INSTRUCTIONS FOR THE TASK>
Please copy exactly the line containing "Airport Codes With County Code" and every line after it, through the last line of the records below, leaving out all pictures.

Stored data entries:
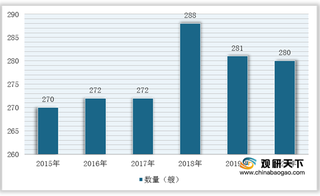 我国沿海省际运输化学品船行业数量下降 但新旧运力有所增长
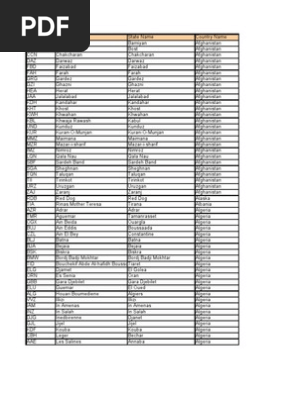 Airport Codes With County Code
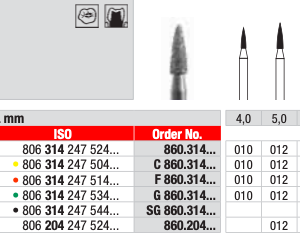 EDENTA - Diamond Burs - High speed - ( 860.314.014) strips of 5 Burs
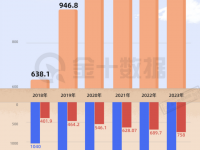 8款游戏成“鹅选爆款”，腾讯新一线游戏扛大旗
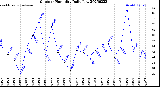 Milwaukee Weather Outdoor Humidity<br>Daily Low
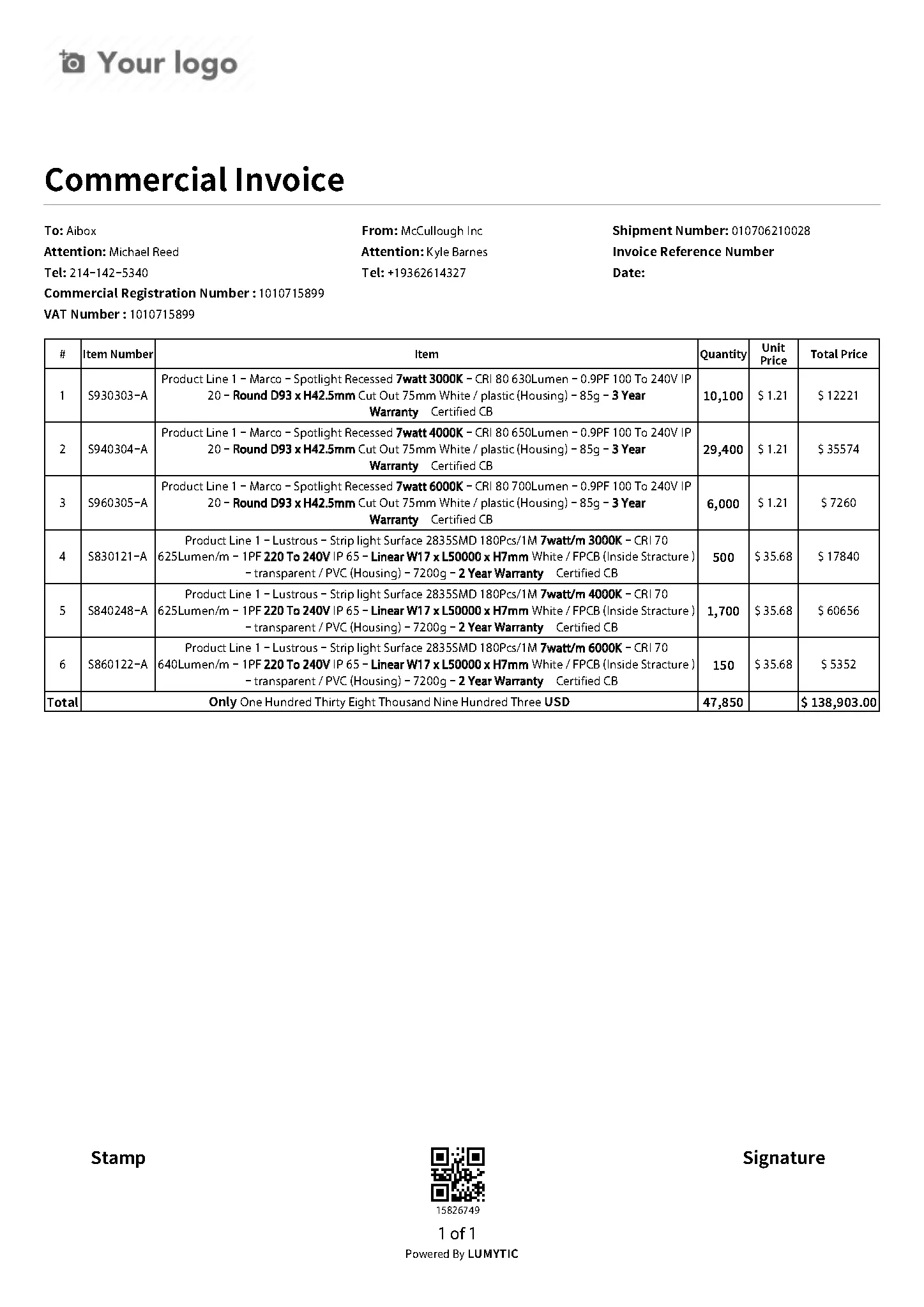 Confirm Commercial Invoice
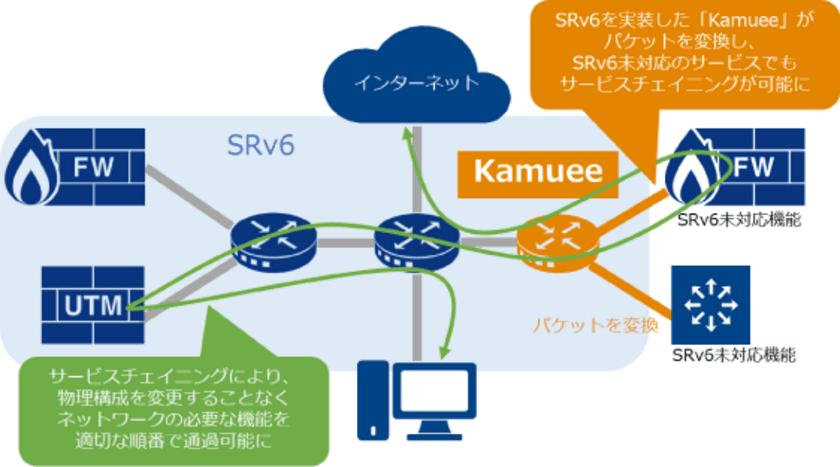 高速ソフトウェアPCルーター「Kamuee」を用いた
SRv6の実証実験に成功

EXERCISE RESULT>
 Airport Codes With County Code
 EDENTA - Diamond Burs - High speed - ( 860.314.014) strips of 5 Burs
 8款游戏成“鹅选爆款”，腾讯新一线游戏扛大旗
 Milwaukee Weather Outdoor Humidity<br>Daily Low
 Confirm Commercial Invoice
 高速ソフトウェアPCルーター「Kamuee」を用いた
SRv6の実証実験に成功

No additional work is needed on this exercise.